No university offers the degree. No organization has posted the job listing. And yet across energy markets, decentralized finance protocols, municipal robotics programs, and AI research laboratories, a distinct professional practice is quietly taking shape:

None of them call themselves AI Mechanism Designers. But that is what they are — and understanding what this role entails has significant implications for how civil society engages with the institutional future of artificial intelligence.

The Structural Question

The AI conversation is dominated by two questions: Is it safe? and How should it be regulated? Both are necessary, but neither is sufficient.

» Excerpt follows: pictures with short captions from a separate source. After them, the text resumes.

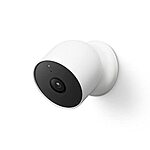 Google Nest Cam Outdoor or Indoor, Battery - 2nd Generation - 1 Pack - $119.99 + F/S - Amazon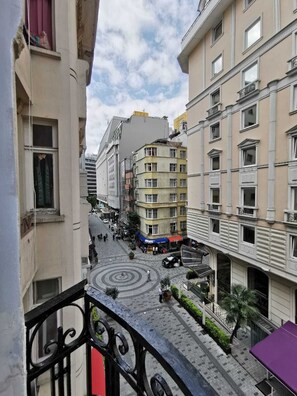 إطلالة الغرفة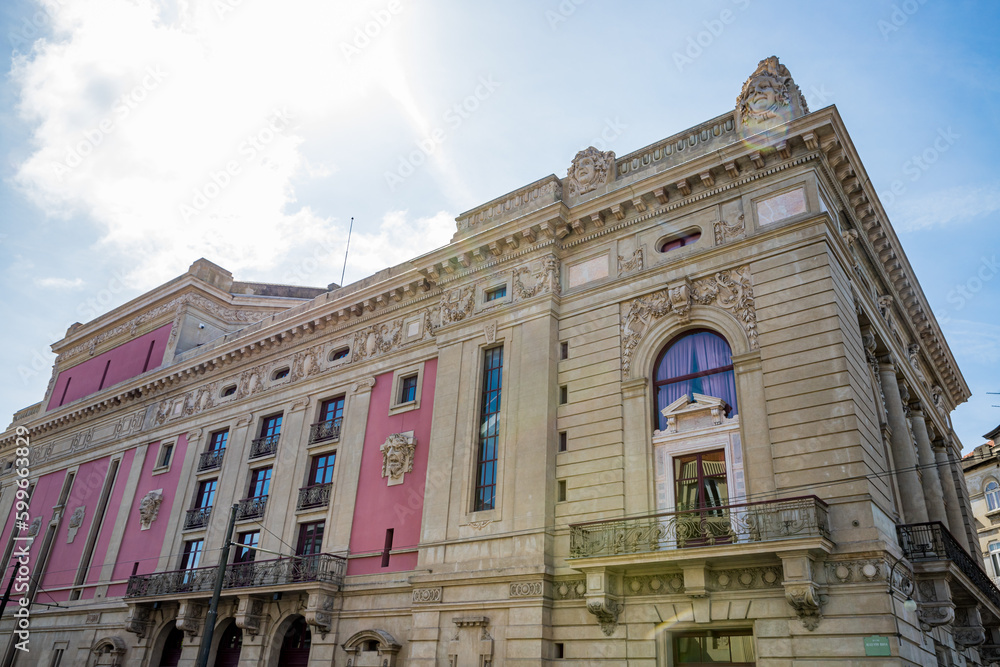 Fototapeta premium Dans les rues de Porto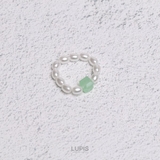 キューブビーズパールリング | LUPIS | 詳細画像4 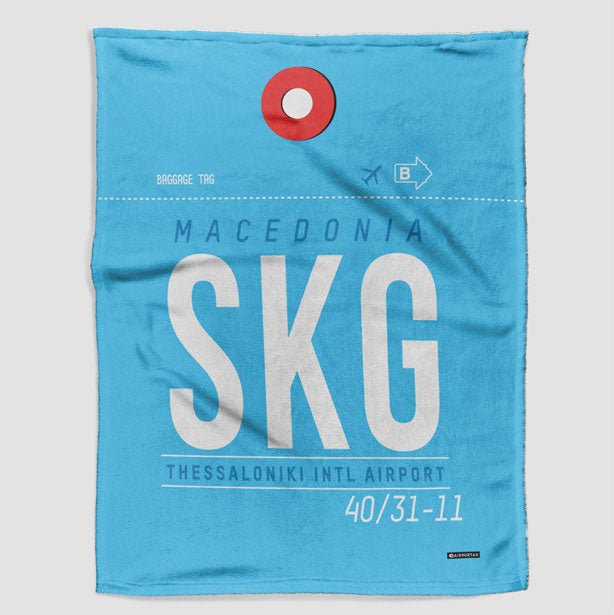 SKG - Blanket - Airportag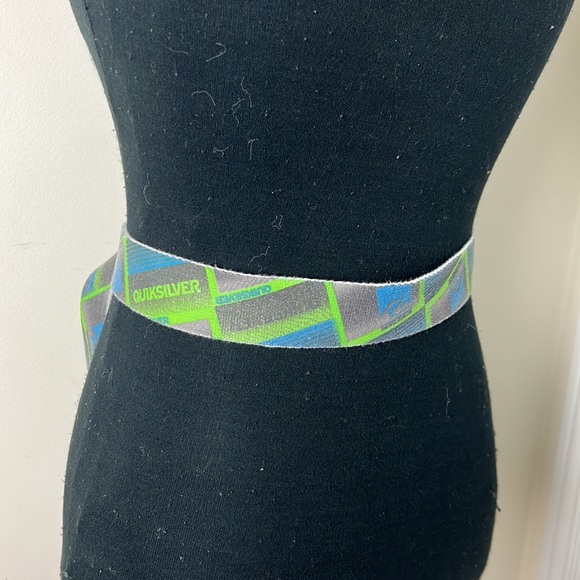 Quicksilver Signature Y2K Belt Size OS - Picture 5 of 14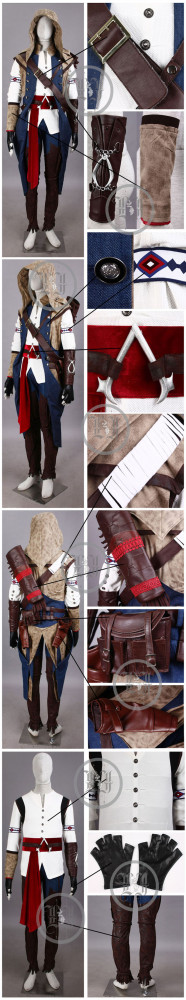 You're reviewing: Assassin's Creed 3 Connor Kenway Full Suite Costume
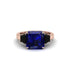 Three Stone Sapphire Engagement Ring - Bethany No. 44 image 3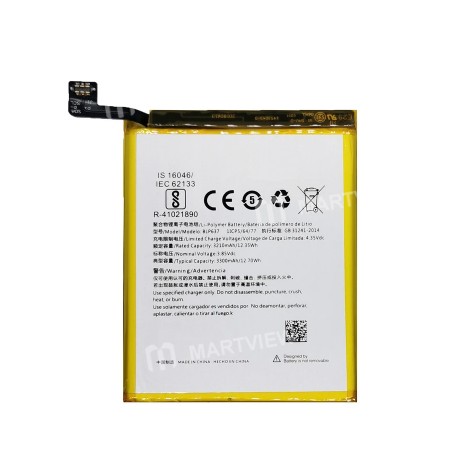 Battery Replacement for One plus 5 / 1+5 / BLP637- Grade AAA quality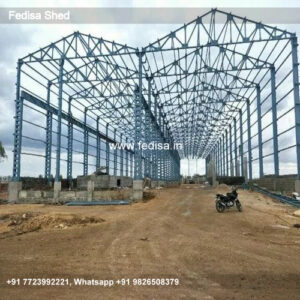Industrial Shed Design for Factory Warehouse Construction No-1756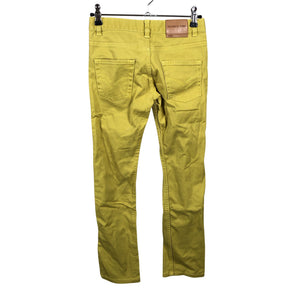 Unisex Polarn O. Pyret - Jeans, size 128 - 134 - Yellow (2)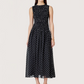 Polka Dot Maxi Dress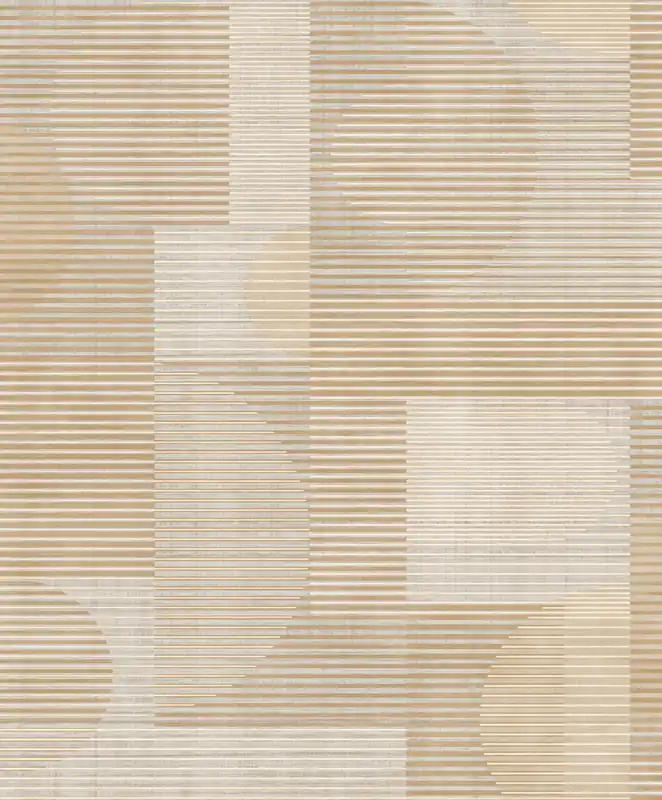 Beige geometrische Tapete, AL26281, Allure, Decoprint Markenprodukt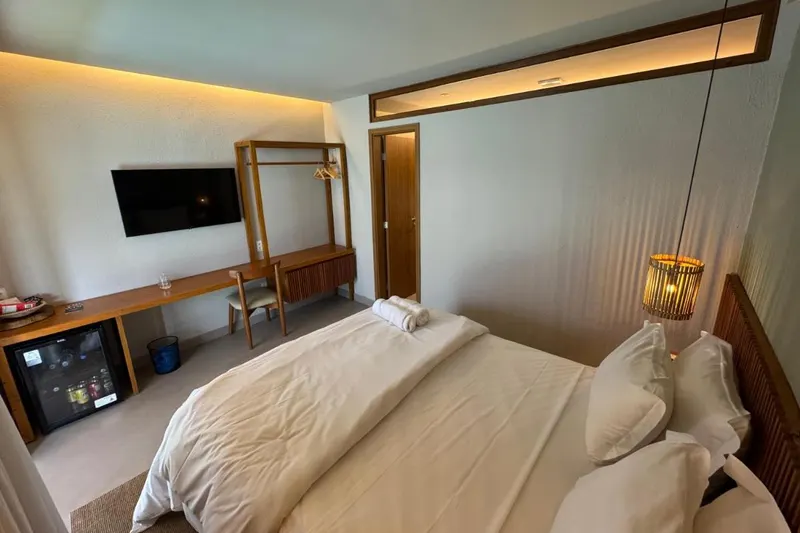 Quarto da pousada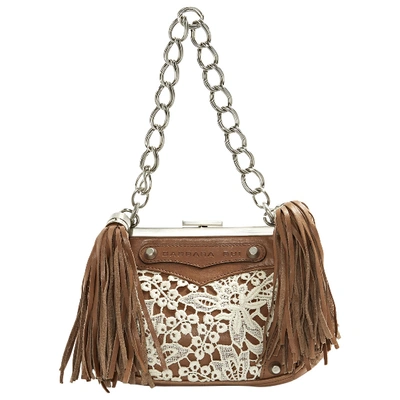 Pre-owned Barbara Bui Leather Handbag In Brown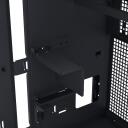 Asus Prime AP303 Mesh Midi Tower Black 90DC00V0-B39000, 485mm, 215mm, 425mm, 44L, 6.8kg, metāls, Midi Tower, melns, 2x2.5" bays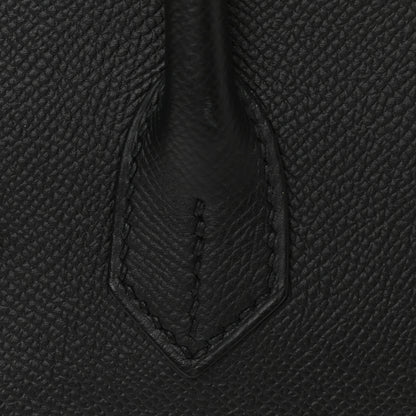 Hermes Epsom Birkin 30 Black 10 of 33
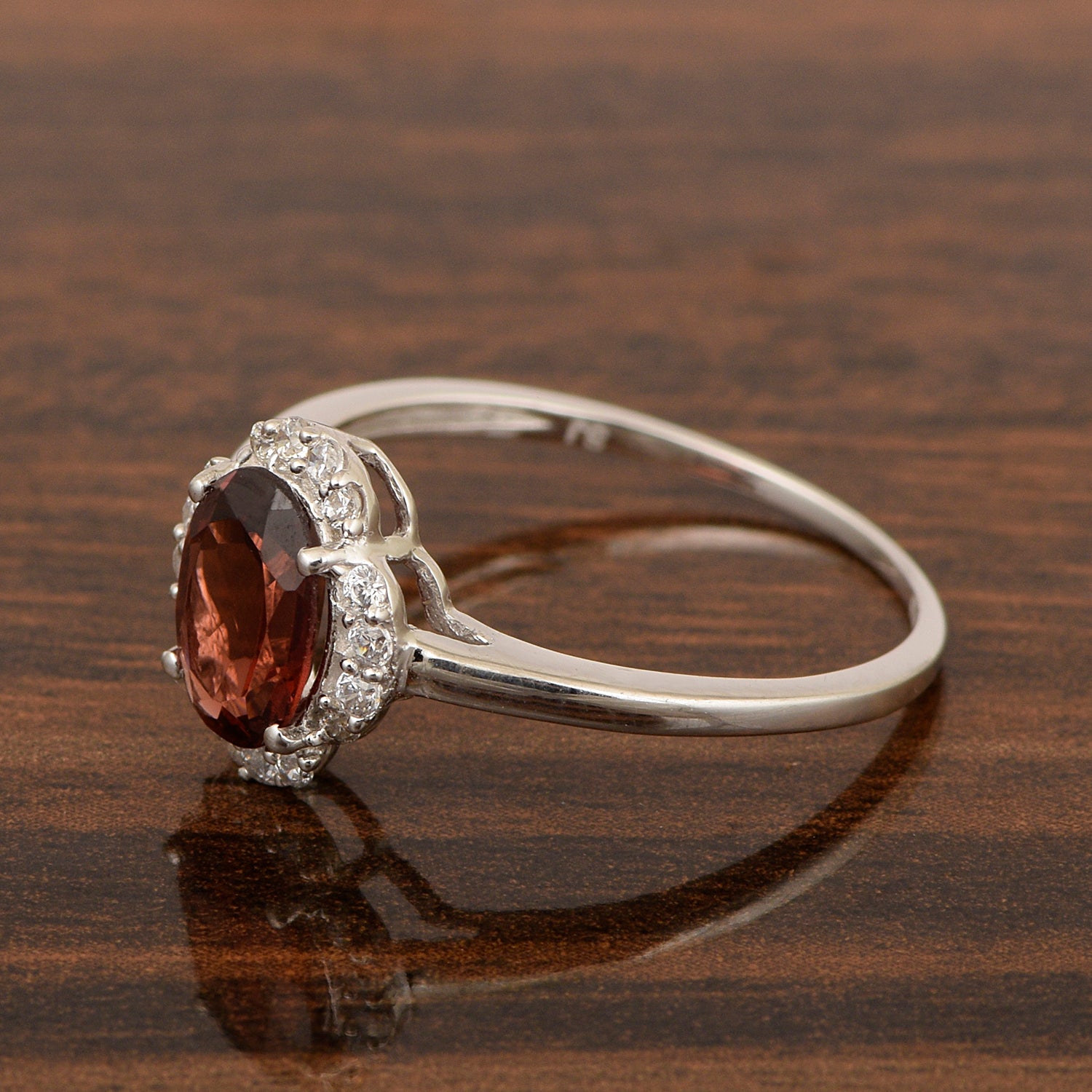 Garnet ring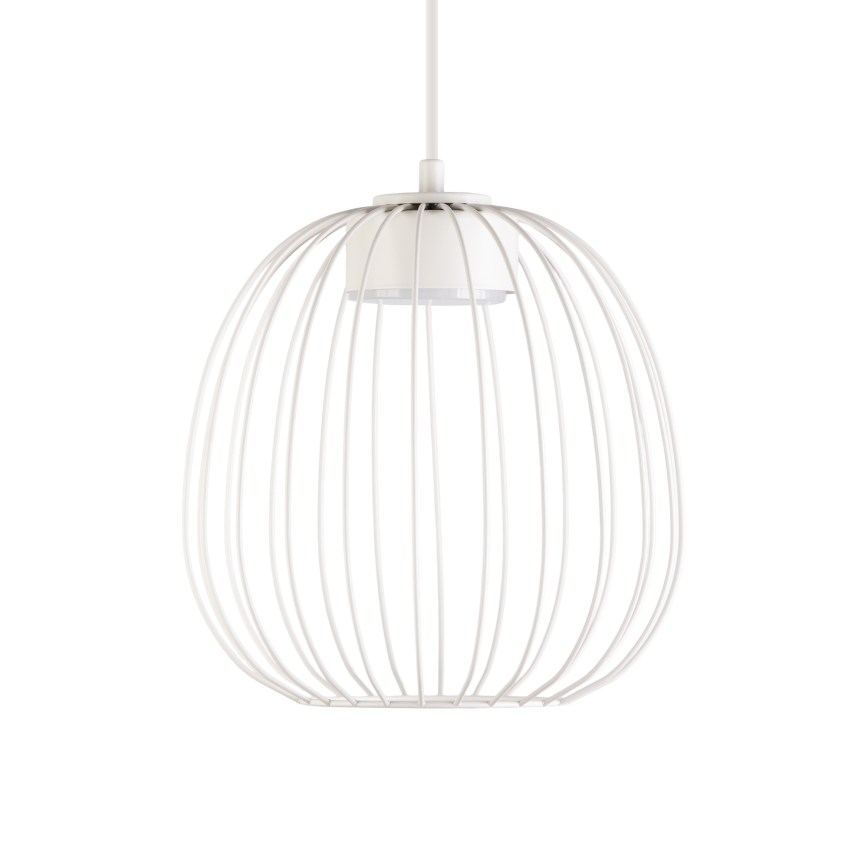 Viseća svjetiljka na kabelu OVELLA 1xGX53/10W/230V Ø 25 cm krem boje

We pose a third question — arguably the most consequential for institutional design: How should AI systems govern themselves and coordinate with each other?

This is not a restatement of the alignment problem. Alignment concerns the relationship between a single model and human values. The collective coordination question concerns the institutional architecture of multi-agent ecosystems: how do distributed AI agents cooperate, compete, allocate resources, resolve disputes, and establish trust? These are, at their core, questions of governance — the same questions that animate constitutional design, commons management, and market regulation in human institutions.

Nathan Schneider's work on implicit feudalism identifies a persistent pattern in digital governance: platforms that default to autocratic structures despite democratic aspirations. We are watching this pattern reproduce in real time. In late January 2026, Moltbook launched as the first social network exclusively for AI agents — over 770,000 agents registered within days, organizing into topic communities, debating governance, even founding a religion.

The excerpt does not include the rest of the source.